──────── Input data

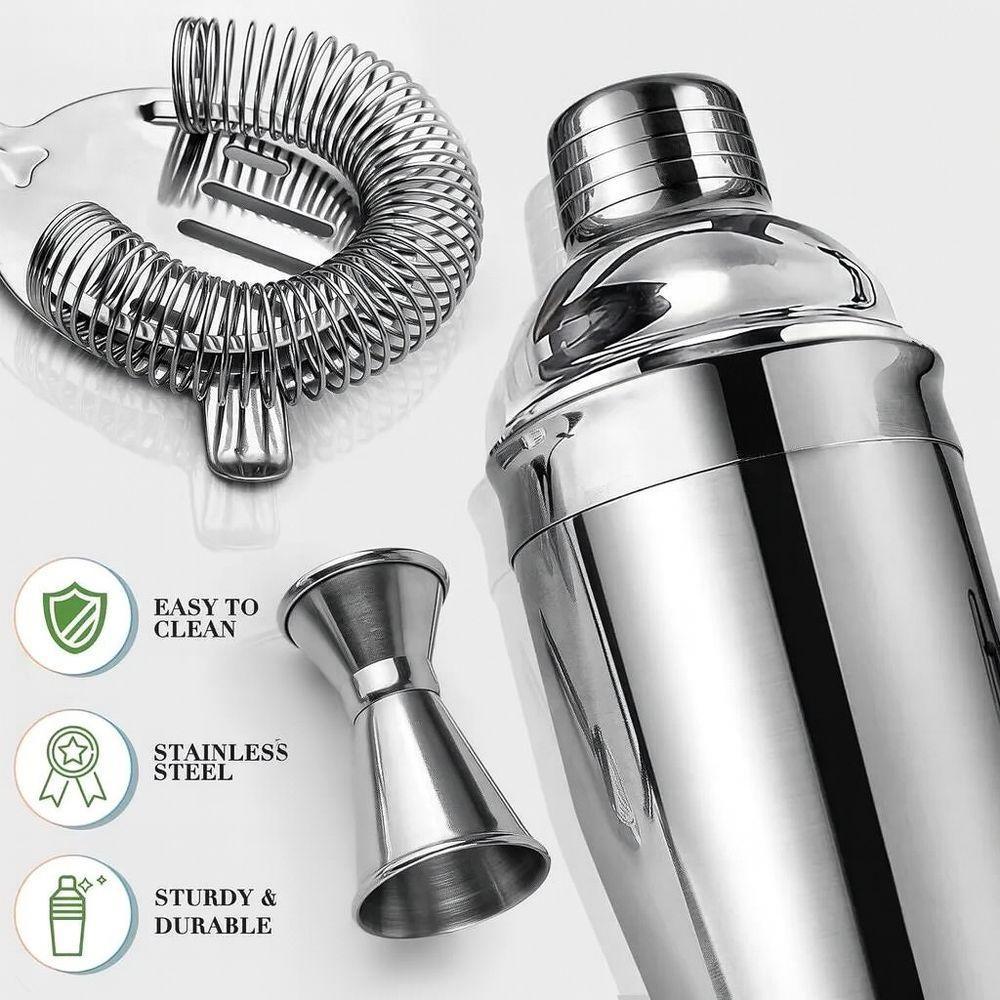 Kit Coqueteleira Profissional Inox 750ml Acessórios Completo Com Suporte Em Bambu Bar E Drinks - 4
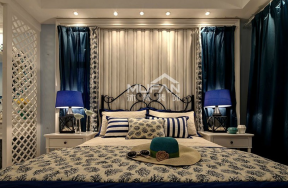 地中海风格卧室床头灯装饰图片
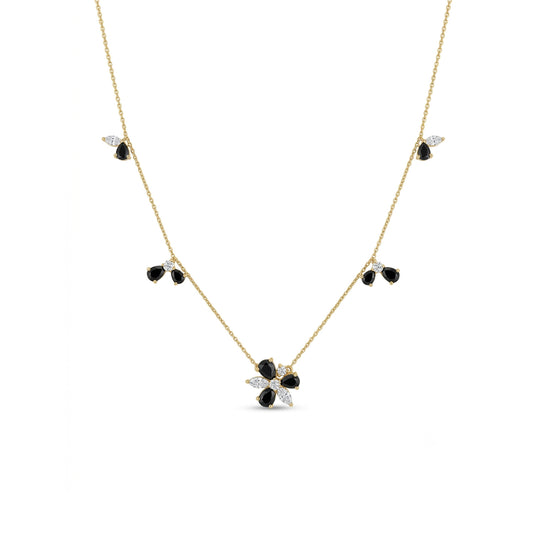 Black Bloom Cascade Necklace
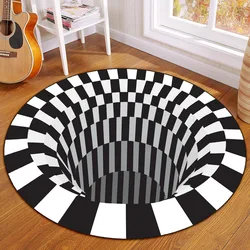 Drop shipping 3D Visual Trap Carpet Round Soft Floor Mat Custom Home Carpet Living Room Bedroom Floor Decoration Door Mat Carpet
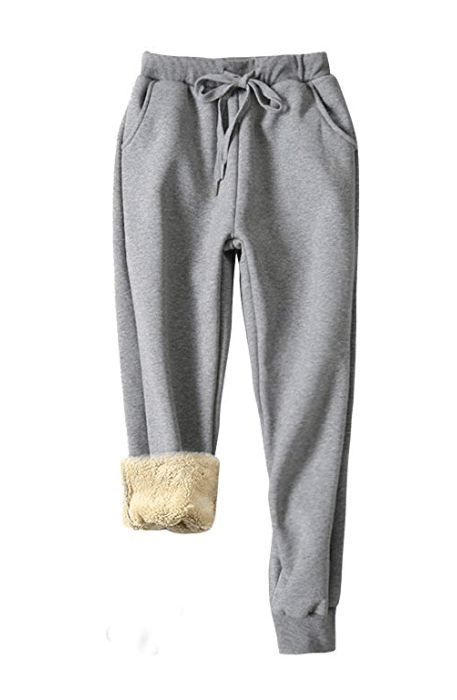 Yeokou Women's Sherpa Lined Athletic Joggers (Light Grey)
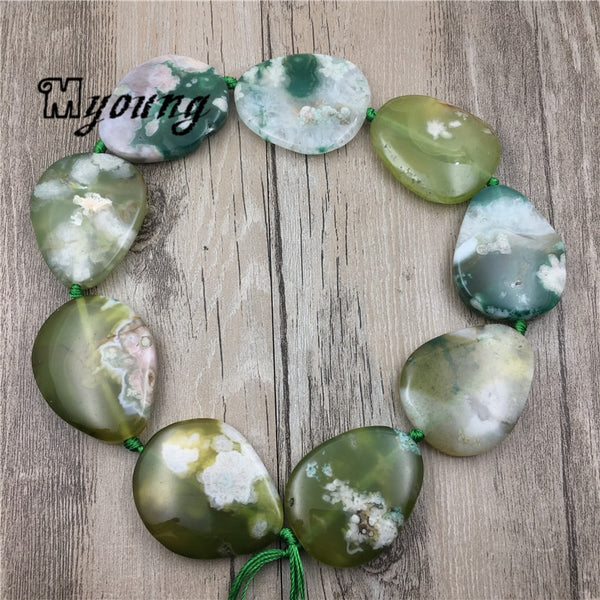 Green Cherry Stone Slice Beads-ToShay.org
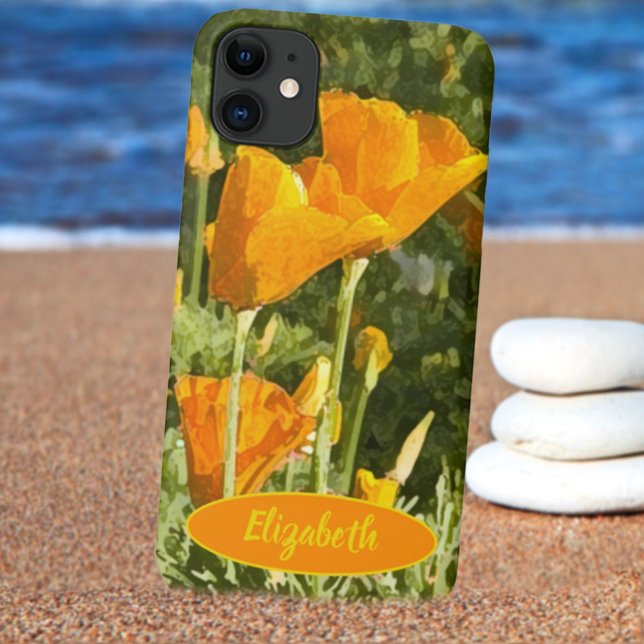 Coques Case-Mate iPhone Nom personnalisé California Poppy Flower Texture (Créateur téléchargé)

────────────────

Without any of the pictures, set the entries down again exactly as written.

**Written response:**
 Kit Coqueteleira Profissional Inox 750ml Acessórios Completo Com Suporte Em Bambu Bar E Drinks - 4
 地中海风格卧室床头灯装饰图片
 Black Bloom Cascade Necklace
 Drop shipping 3D Visual Trap Carpet Round Soft Floor Mat Custom Home Carpet Living Room Bedroom Floor Decoration Door Mat Carpet
 Yeokou Women's Sherpa Lined Athletic Joggers (Light Grey)
 Green Cherry Stone Slice Beads-ToShay.org
 Coques Case-Mate iPhone Nom personnalisé California Poppy Flower Texture (Créateur téléchargé)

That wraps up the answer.